In itself, this is a position that is committed to certain rules of rationality – weighing up evidence, a willingness to be persuaded in a certain direction – that I would distinguish from identity politics. How much weight a person’s identity should be given in a debate may be subject to argument. Identity politics is what I’d identify as belonging to the tendency whereby identity is enough to prove a point. Indeed, identity in some forms is not only identified as enough to prove a point: it is identified as all that is needed to have the right to discuss certain issues. Those without the relevant identity are regarded as impudent trespassers on discussions about issues affecting those belonging to this or that group.

Another tendency that can be recognised in identity politics is a suspicion of those who do not share the relevant identity, and thus have a relevant privilege. Their attempts at solidarity, if welcomed at all, are treated with constant and continuing scepticism.

The privileged can, as supplicants, try to be “allies”. Yet being an ally is regarded not as a right, but, well, as a privilege. For example, a white person can be an ally to black people for a while, but it is presumed that because of their privilege, they will never understand racism in a meaningful sense – certainly not in the sense that those with lived experience as black people do.

Furthermore, deep down, all white people will always be racist anyway. Some might suggest that this is due to racial privilege, which white people benefit from, and thus have a stake in maintaining.

What are the power systems that institutionalise privilege? Privilege as a theory does not have this kind of empirical content, and does not try to offer this sort of insight. It addresses itself to how things are now. In a vague sense, it can be said to offer a vision of what a better future might look like. Perhaps, one in which no one has these privileges. Or one in which everyone has these privileges. At the very least, one in which privileges are not distributed on the basis of race, gender, able-bodied-ness and so on.

How do we get there? Well, it’s not clear. However, people from groups suffering the relevant forms of oppression and discrimination should lead the way. They can be supported by their “allies”, at best, but it seems the primary goal of those without privilege is to discuss and organise among themselves.

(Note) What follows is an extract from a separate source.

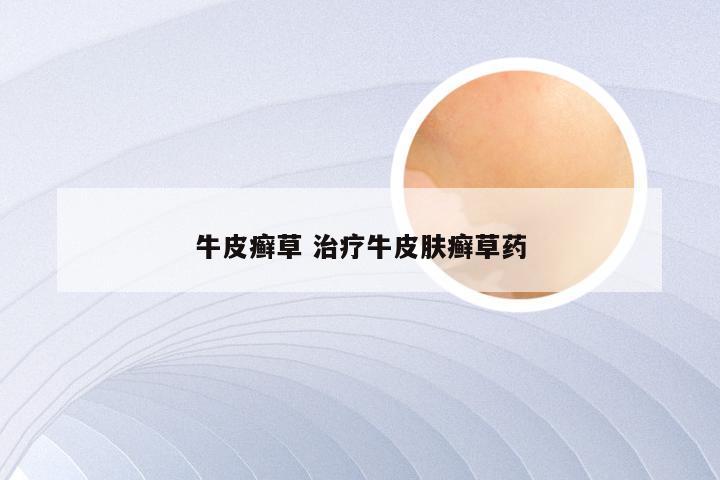 牛皮癣草 治疗牛皮肤癣草药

Those with relevant forms of privilege are expected above all to adopt the correct terminology and show proper deference in discussions with those who do not have their privilege. Engaging in critical discussion, showing scepticism, and disagreeing with people who do not have their privileges may be regarded as exhibiting a form of able-ism, racism, sexism (or whichever applies), by failing to defer to those without privilege.

Suppose an able-bodied person decides they want to be an ally to those with disabilities. This will be on certain terms. Firstly, those with disabilities must lead the movement of issues relating to disabilities. The able-bodied can help people with disabilities by agreeing with them, repeating and amplifying their views, and by listening.

It is not hard to see why those with substantively left-wing or liberal ideological values find it hard to square them with identity politics. Suppose a man wants to be an “ally” to feminists, and is also a Marxist. This will make it likely that he will disagree with many women and feminists about the causes of sexism, and how to resist it. This does not mean he does not genuinely care about sexism.

However, if he wants to be a good “ally”, he will put aside his Marxism, listen to women, tend to defer to their judgments, support them in their causes, even if he privately believes that some of the advocacy and tactics they engage in are unwise, unhelpful, exclusionary, shallow or anything else. Critical discussion is not regarded as a worthy or valuable contribution of “allies”.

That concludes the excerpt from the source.